Not all bottles marked “Rosé de Provence” were created equal. Don’t be seduced by the rosy pink color, or the pretty label, or the laughable price you’ll see on any wine list or the supermarket shelf. Instead, go straight to the tippy top—Domaines Ott. The Ott family has been producing wine since 1896, and although they make some perfectly respectable reds and whites, it is their rosés that they are famous for. Somebody had the brilliant idea of putting this rosy nectar into bottles based on the sexy shape of the Roman amphora. When it comes to tasting the wine of the gods of Provence, accept no substitutes (domaines-ott.com).
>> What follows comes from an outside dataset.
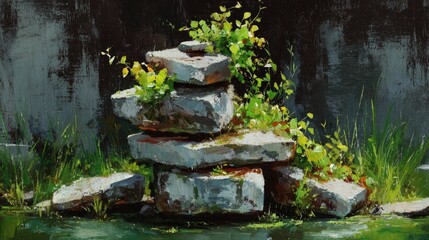 Obraz premium Stacked stones, overgrown with greenery, near a wall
BEST (AND MOST TERRIFYING) DRIVE

There are plenty of good reasons to go to Cassis, a small fishing port just east of Marseille. The tourists may outnumber the fishermen these days, but the restaurants on the port still serve some of the best fish dishes in this part of France. But the real excitement here lies in a curvy, vertiginous road known as La Route de Crêtes, which runs along the cliffs of the Cap Canaille. It is 1,310 feet down to the sea from its highest point at La Grande Tete, but be warned: If the mistral is acting up and you are not driving a Hummer, you are in serious danger of being swept away, and not just by the spectacular view.